ACTIVITY: Every line of the listing below from the one with "Three Bedrooms Penthouse" up to and including the one with "Новости, 1920, 27.02.2022" should be retyped exactly, and nothing else; pictures are not part of the copy.
THE RECORDS section start
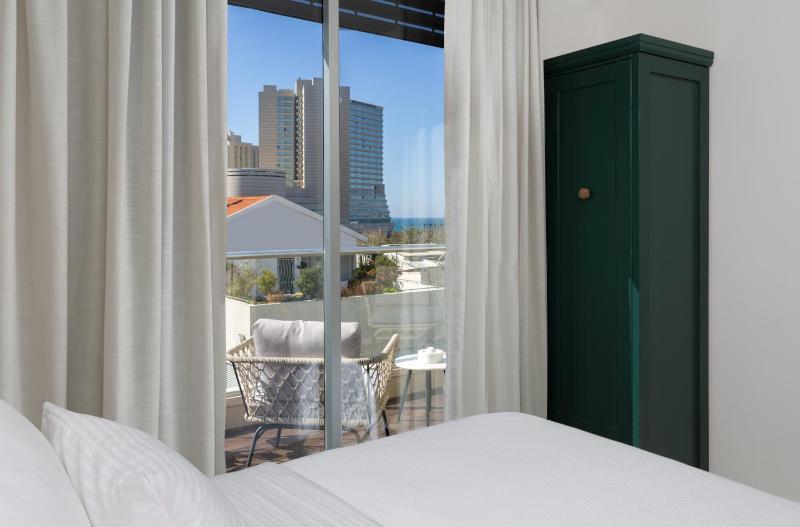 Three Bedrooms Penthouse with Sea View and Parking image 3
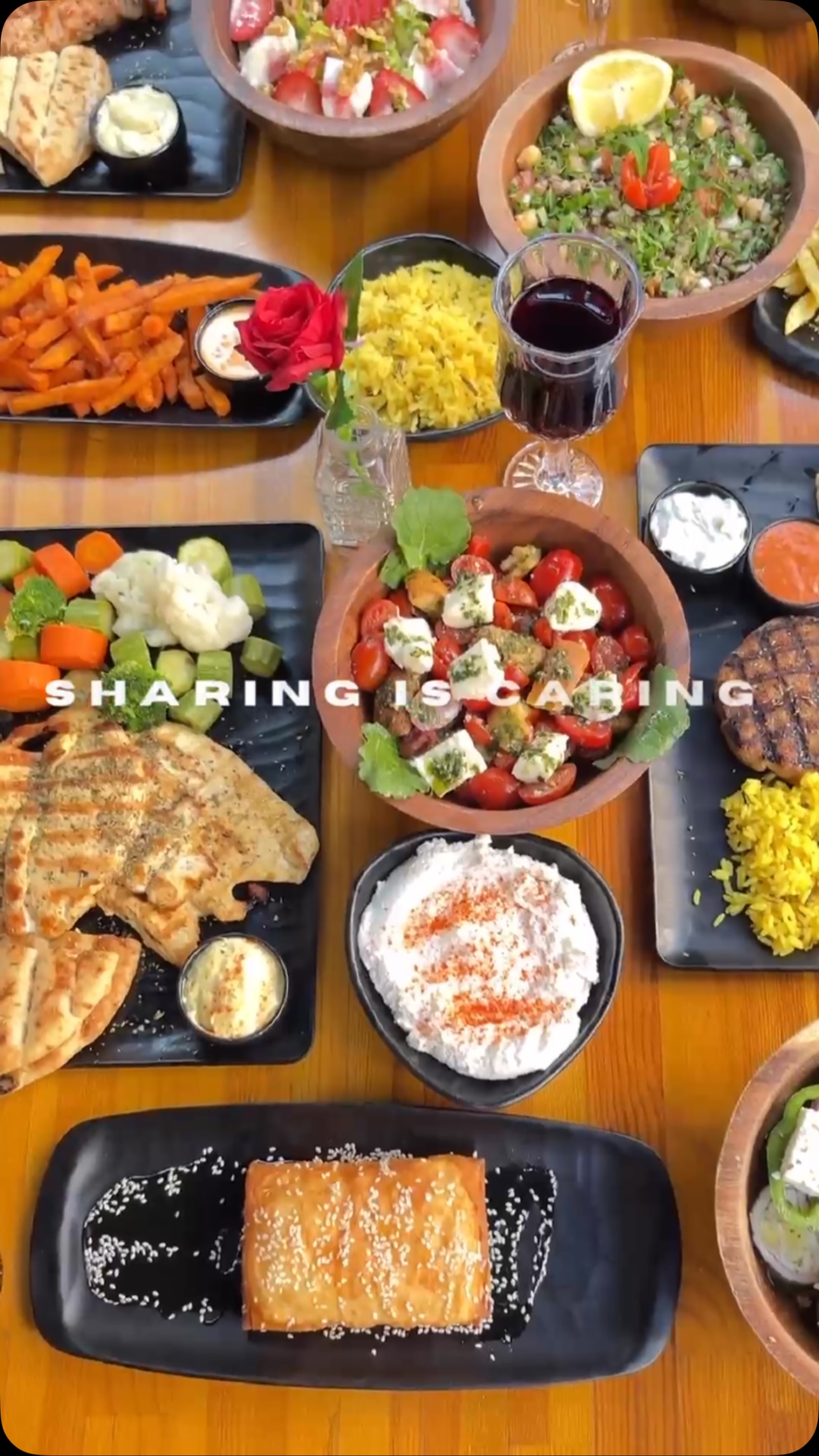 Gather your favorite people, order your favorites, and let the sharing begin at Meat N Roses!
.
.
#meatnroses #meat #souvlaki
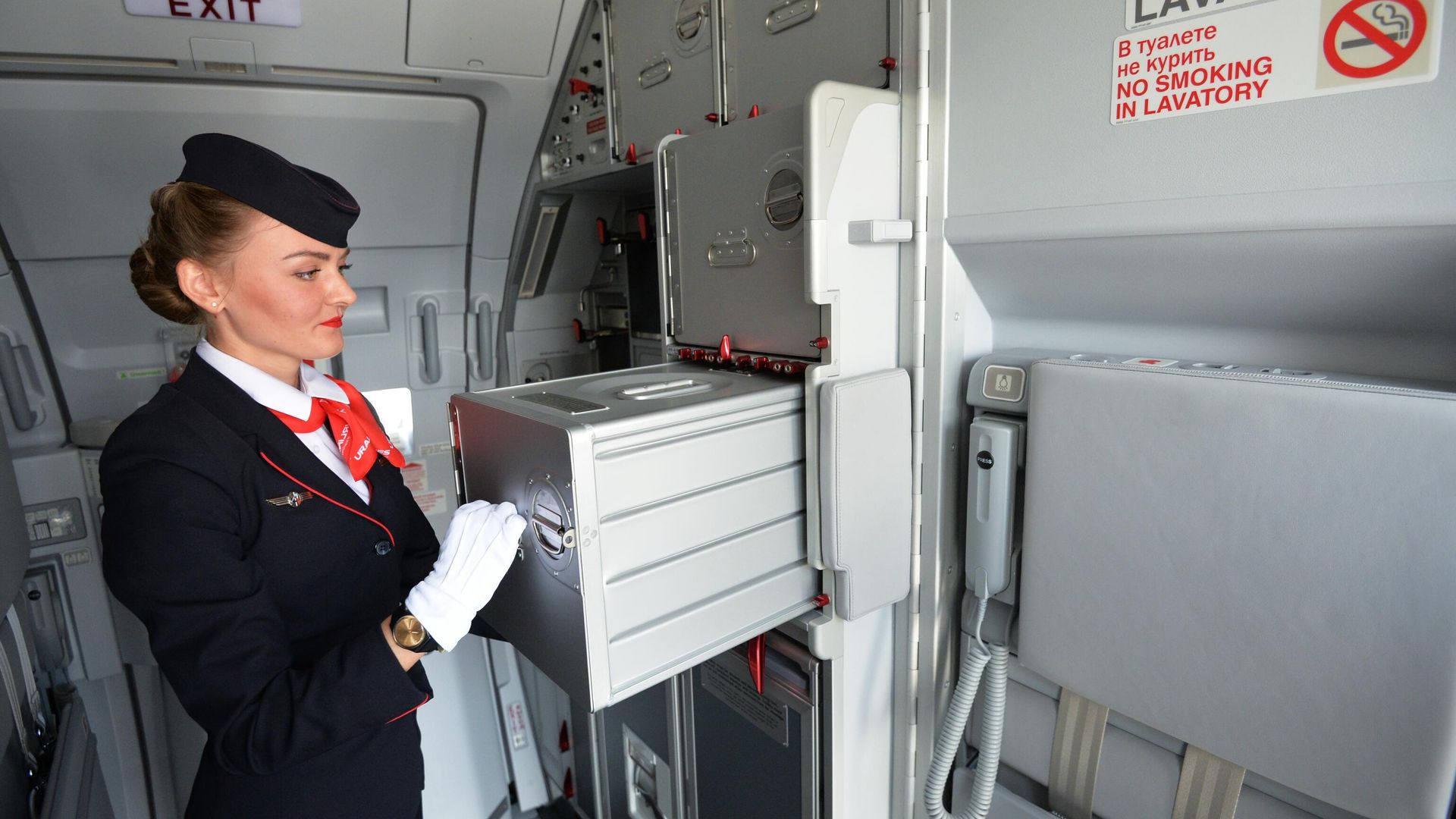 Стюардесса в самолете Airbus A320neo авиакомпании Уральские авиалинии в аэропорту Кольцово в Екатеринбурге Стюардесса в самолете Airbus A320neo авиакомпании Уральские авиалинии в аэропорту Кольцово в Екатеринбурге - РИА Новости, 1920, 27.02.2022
THE RECORDS section end
THE RECORDS section start
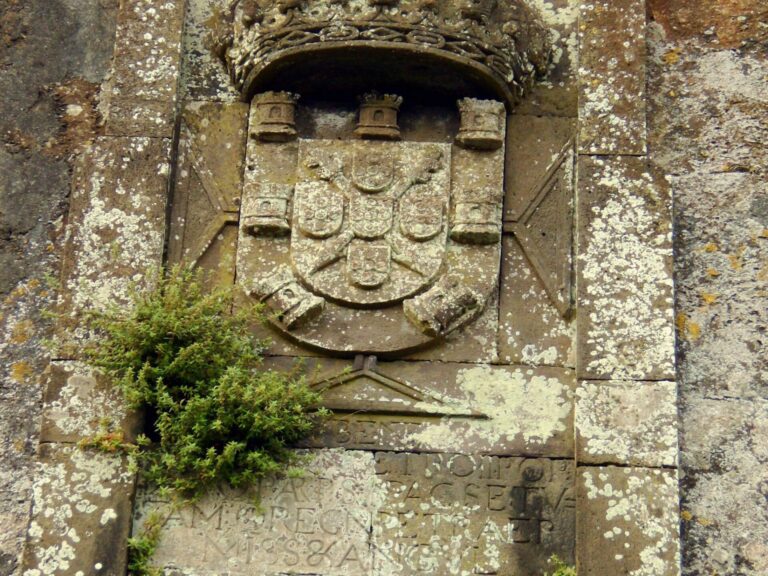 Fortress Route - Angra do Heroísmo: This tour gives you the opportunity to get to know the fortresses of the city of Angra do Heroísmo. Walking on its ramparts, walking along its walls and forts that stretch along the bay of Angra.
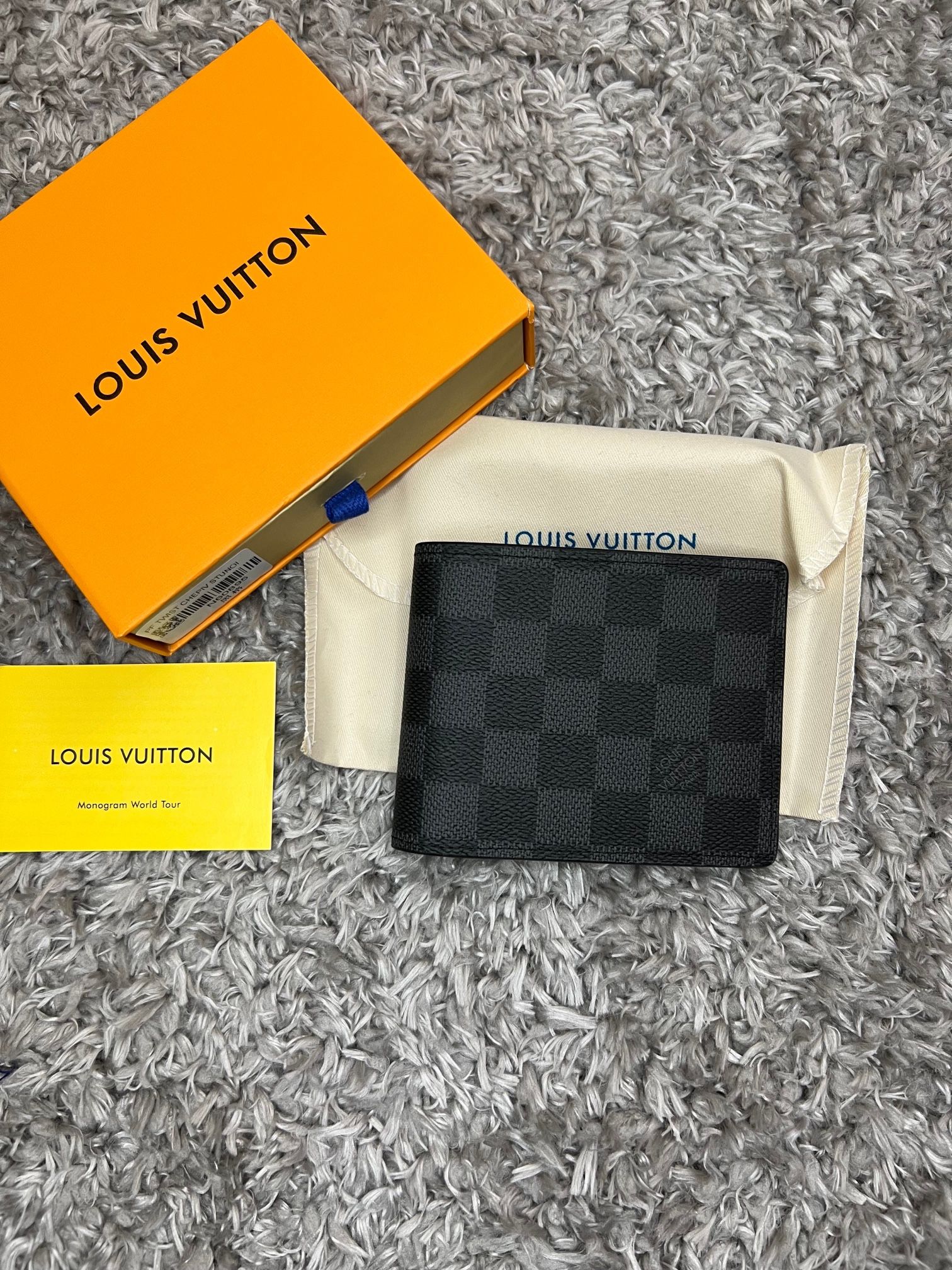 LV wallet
THE RECORDS section end
THE RECORDS section start
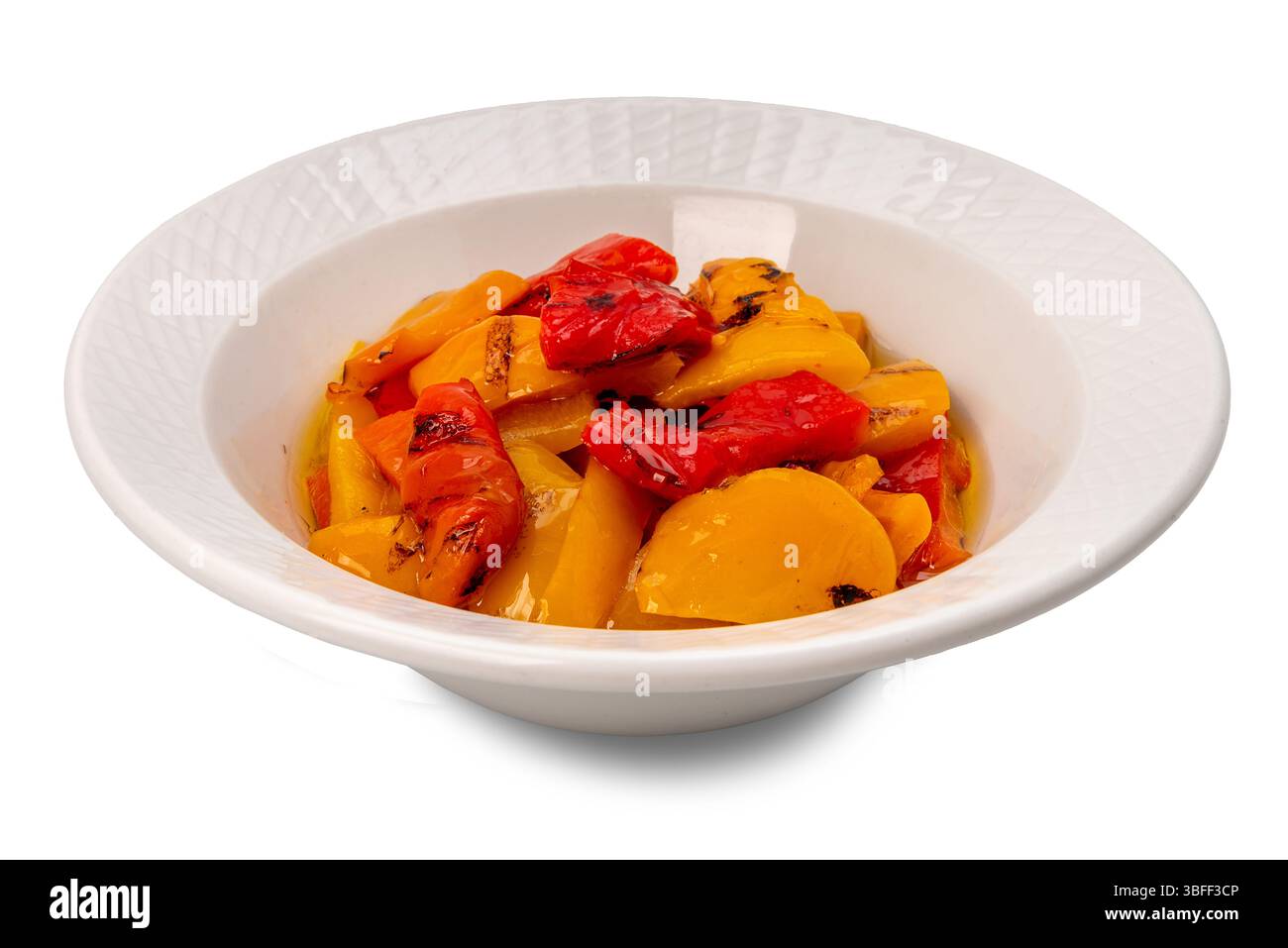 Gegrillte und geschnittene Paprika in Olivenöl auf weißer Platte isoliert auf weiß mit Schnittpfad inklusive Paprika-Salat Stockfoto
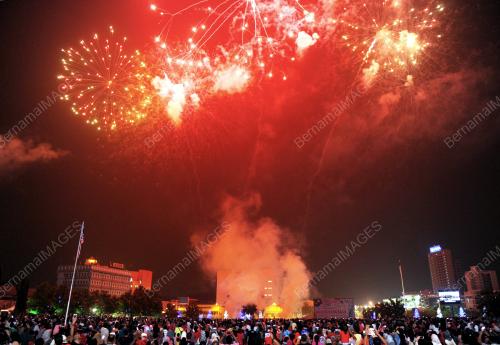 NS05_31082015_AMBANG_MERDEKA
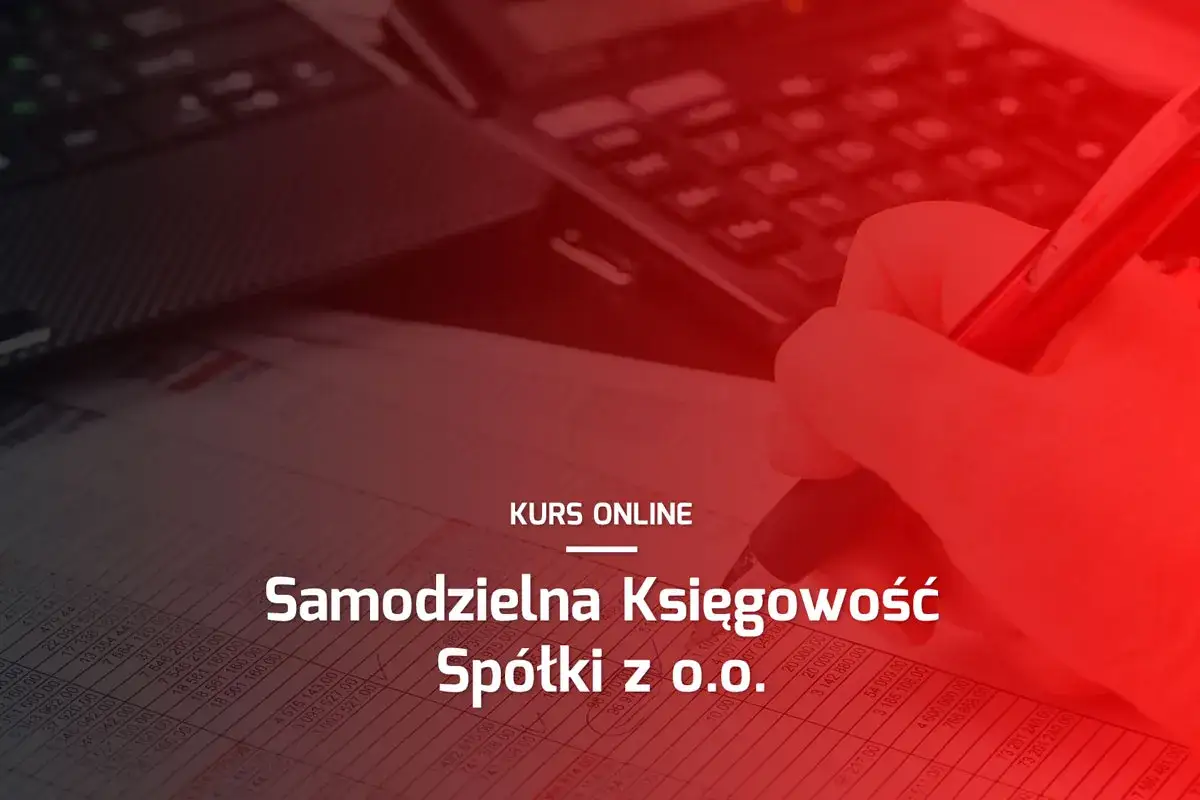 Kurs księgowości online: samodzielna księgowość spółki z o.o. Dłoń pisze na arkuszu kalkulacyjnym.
THE RECORDS section end
ANSWER TO THE PROBLEM:
 Three Bedrooms Penthouse with Sea View and Parking image 3
 Gather your favorite people, order your favorites, and let the sharing begin at Meat N Roses!
.
.
#meatnroses #meat #souvlaki
 Стюардесса в самолете Airbus A320neo авиакомпании Уральские авиалинии в аэропорту Кольцово в Екатеринбурге Стюардесса в самолете Airbus A320neo авиакомпании Уральские авиалинии в аэропорту Кольцово в Екатеринбурге - РИА Новости, 1920, 27.02.2022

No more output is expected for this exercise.